# Specialized Sirrus



## newaccount (Jan 3, 2007)

I just got a used 2004 Specialized Sirrus Sport with disc brakes. The rear chainstays are pretty narrow for tire spacing and I'm wondering what the largest tire size that can fit. From measuring with calipers, it seems like 35 x 700cc would be the max. Can someone confirm? Also, what's a good tire for this bike for light trail duty? Thanks.


----------



## newaccount (Jan 3, 2007)

anyone?


----------



## Squash (Jul 20, 2003)

*You are correct....*

a 32 or a 35 would be about the widest tire you'd want to stuff in the stays on a Sirrus. Depends on the tire of course. Road tires don't vary quite as much in width between manufacturers as mountain tires do, but there is some variation in stated widths.

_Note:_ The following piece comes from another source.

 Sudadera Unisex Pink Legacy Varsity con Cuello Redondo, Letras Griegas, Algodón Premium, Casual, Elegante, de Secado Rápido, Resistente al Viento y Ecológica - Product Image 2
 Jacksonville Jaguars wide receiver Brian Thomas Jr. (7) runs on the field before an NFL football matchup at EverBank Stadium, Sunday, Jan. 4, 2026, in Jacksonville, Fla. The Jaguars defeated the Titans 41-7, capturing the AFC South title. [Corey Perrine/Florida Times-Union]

For tires, it depends on your deffinition of "light trail duty". For simple hardpack groomed trails anything with a hybrid tire with simple tread sipes to a more agressive cyclo cross tire will work depending on how you ride. For an aggressive tire the WTB Cross Wolf has a good aggressive tread design and comes in 700x32 which would fit with a good safety margin and performs pretty well on pavement too. For a siped tire that is more road oriented the Bontrager Select Invert is a good tire. Long wearing, good puncture and pinch flat resistance with a solid (or nearly so) center rib for good rolling resistance on the road. But it's not as aggressive as a cross tire. No knobs to speak of, only heavy sipping primarily for channeling water. But they do grip reasonably well on hardpack. Start getting into loose over hard, sand etc. and they do loose their grip though. Just be cautious with them as they only come in a 35c width in the 700 series size. So you'd be at your max.

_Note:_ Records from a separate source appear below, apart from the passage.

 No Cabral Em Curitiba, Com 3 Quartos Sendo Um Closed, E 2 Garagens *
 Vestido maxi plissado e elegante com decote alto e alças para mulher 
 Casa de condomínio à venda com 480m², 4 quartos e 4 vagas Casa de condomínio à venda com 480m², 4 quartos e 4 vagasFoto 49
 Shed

There are plenty of others out there as well. Most cross tires run in the 32 to 44c range. Just about all the major tire manufacturers, Continental, Kenda, Maxxis, WTB, etc., make cross and hybrid tires. So a little shopping around and/or web surfing will give you a good idea of what's available.

Good Dirt


----------



## FireBallKY (Apr 15, 2004)

Check out the Specialized Borough CX's. I give these tires :thumbsup: :thumbsup:


----------



## eat_dirt (May 26, 2008)

locust 38mm CX tires fit and work pretty well.


----------



## newaccount (Jan 3, 2007)

Thanks. I'm going to look for the most aggressive 35c tire I can find.


----------



## jrm (Jan 12, 2004)

*have you done it?*

interested 2 no if it worked.


----------



## newaccount (Jan 3, 2007)

Not yet. I haven't found the tire yet. I did put on some Conti 30c's and there seems to be adequate clearance for 35c's. If you can get to it first, please post an update. Thanks.


----------



## AndrwSwitch (Nov 8, 2007)

My cyclocross bike has a Hutchinson Bulldog in the back and a Conti Speed King in front. Both tires are nominally 35mm. I like the Bulldog better. It has a little more grip in the mud and I think it rolls a little bit faster despite its larger knobs. I do have to run it at higher pressure, though, because it pinch flats a little more easily.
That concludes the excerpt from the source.